Ultimately, appellant pleaded guilty to one count of first-degree driving while impaired (DWI), in violation of Minn. Stat. § 169A.20, subd. 1(5) (2002), and one count of gross-misdemeanor driving after cancellation, in violation of Minn. Stat. § 171.24, subd. 5.  (2002). 

            To assist in sentencing, a presentence investigation report (PSI) was prepared.  The PSI noted appellant’s history of alcohol use, and it disclosed a record of six prior misdemeanor convictions, including two DWIs, and four prior felony convictions.  The PSI report also stated that appellant had refused to complete a supervised-release program that was a part of an earlier sentence, that he had committed another felony while he was supposed to be in that program, that he had committed three new offenses while serving another probationary sentence, and that he had given nine positive breath tests while on release pending trial in the current case.  The PSI further reported that his probation officer concluded that appellant refused to accept responsibility for anything he did and that despite discussions of treatment, appellant had not shown any interest in treatment until recently.  At the time of the PSI there were three new charges, including a DWI, pending against appellant.  The PSI investigator recommended that appellant be sentenced to the presumptive sentence of 60 months in prison and noted that appellant could pursue treatment opportunities in the prison system.  The presumptive sentence was based on a criminal-history score of four, with three points for felony convictions and one custody-status point for being on probation when the offense occurred.    

            Appellant also underwent a statutorily required chemical-health assessment.  The evaluator stated that appellant had a great deal of motivation for treatment.  The evaluator noted that appellant had struggled while on probation in the past and before pleading guilty to the current offense.  The evaluator noted that, looking solely at appellant’s probation record, he does not appear to be a good candidate for probationary treatment, but stated that appellant had not been in treatment in the past.  The evaluator stated that in the past appellant had not been motivated for treatment, but was now practically begging for some kind of help.  The evaluator found appellant to be chemically dependent and recommended that appellant be placed in voluntary inpatient treatment.

            At appellant’s sentencing hearing, the state asked for the presumptive sentence of 60 months of incarceration.  Although no formal motion had been made in the past, appellant’s counsel asked for a downward dispositional departure to probation so that appellant could be placed in an inpatient chemical-dependency treatment program.  Appellant’s counsel discussed the recommendations of the chemical health evaluator.  The district court found “no substantial and compelling reasons to depart from that sentence” and sentenced appellant to the presumptive sentence of incarceration for 60 months on the felony driving-under-the-influence charge.  This appeal follows.                  





            The first issue is whether the district court abused its discretion in declining to make a downward dispositional departure from the presumptive guidelines sentence.

            A district court’s decision whether to depart from the sentencing guidelines will not be overturned absent an abuse of discretion.  State v.
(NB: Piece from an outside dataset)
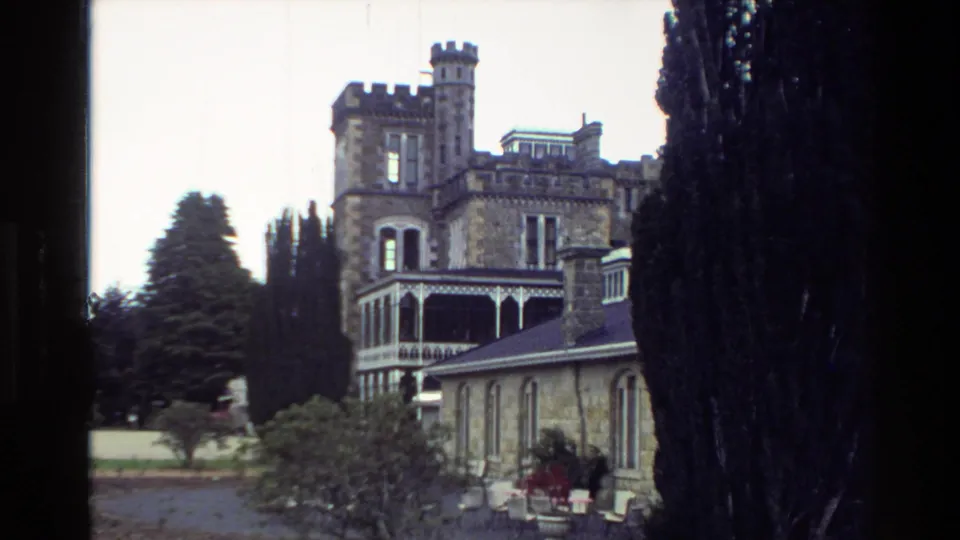 1982 New Zealand 8mm frame showing a castle-like stone exterior with crenellated towers, veranda details, trees, and garden beds.
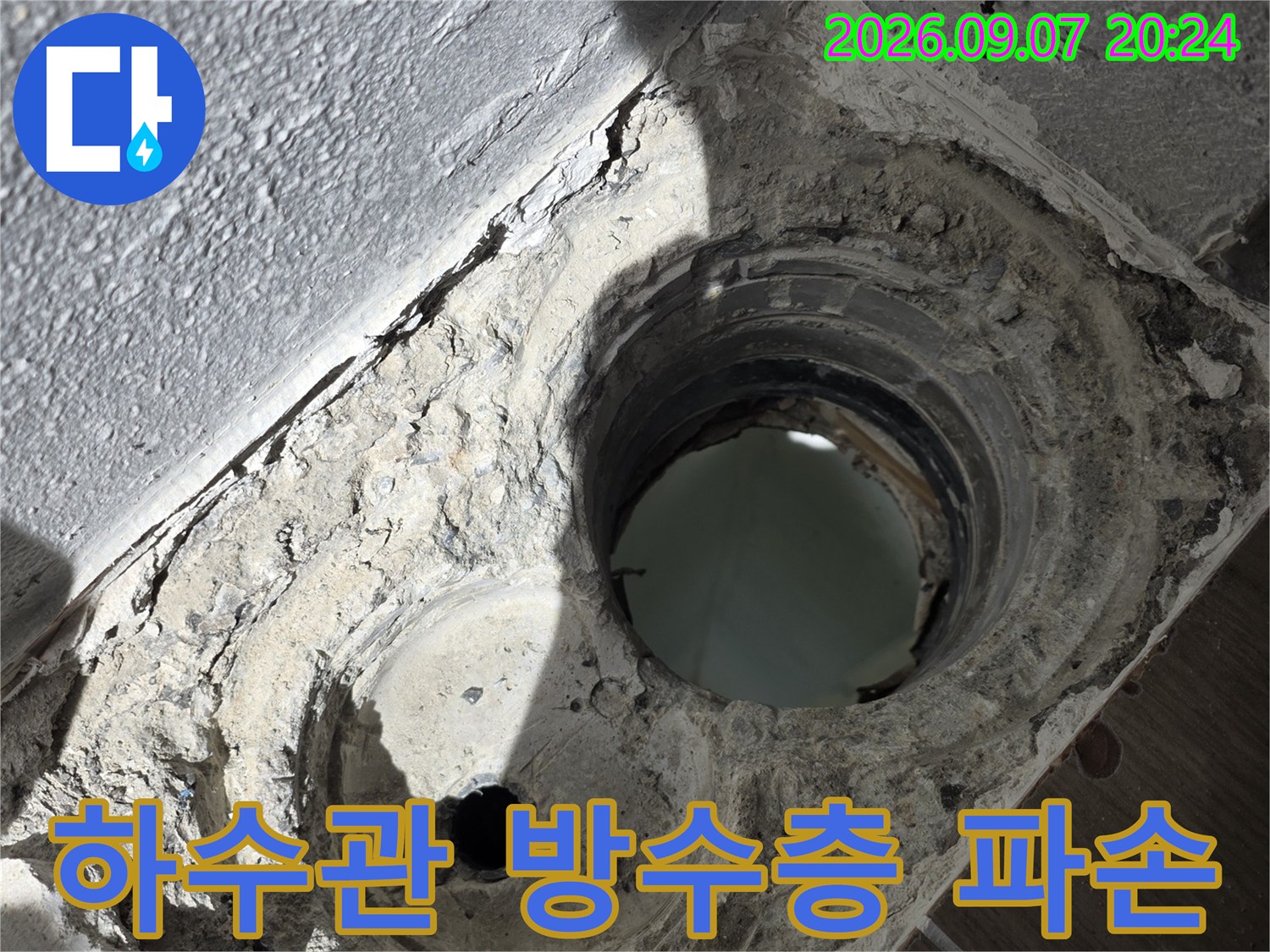 배수구 주변의 갈라진 마감재와 노출된 배관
Givens, 544 N.W.2d 774, 776 (Minn. 1996).  It is a rare case that warrants a reversal of the refusal to depart.  State v. Kindem, 313 N.W.2d 6, 7 (Minn. 1981). 

The district court must apply the presumptive sentence “unless the individual case involves substantial and compelling circumstances” and may grant a motion for a dispositional departure if those circumstances exist.  Minn. Sent. Guidelines II.D.  “Substantial and compelling circumstances are those that make the facts of a particular case different from a typical case.”  State v. Peake, 366 N.W.2d 299, 301 (Minn. 1985). 

This court has held that where compelling circumstances for a downward departure exist, the district court must consider those circumstances in addition to reasons for not departing.  State v. Mendoza, 638 N.W.2d 480, 483 (Minn. App. 2002), review denied (Minn. Apr. 16, 2002); State v. Curtiss, 353 N.W.2d 262, 263-64 (Minn. App. 1984).  The threshold question in such cases is whether the case involves substantial and compelling reasons for departure.  Curtiss, 353 N.W.2d at 263.  If this court finds that such compelling reasons exist and the district court did not consider them, this court should remand to the district court, not because this was an abuse of discretion, but because no exercise of discretion occurred.  Id at 264.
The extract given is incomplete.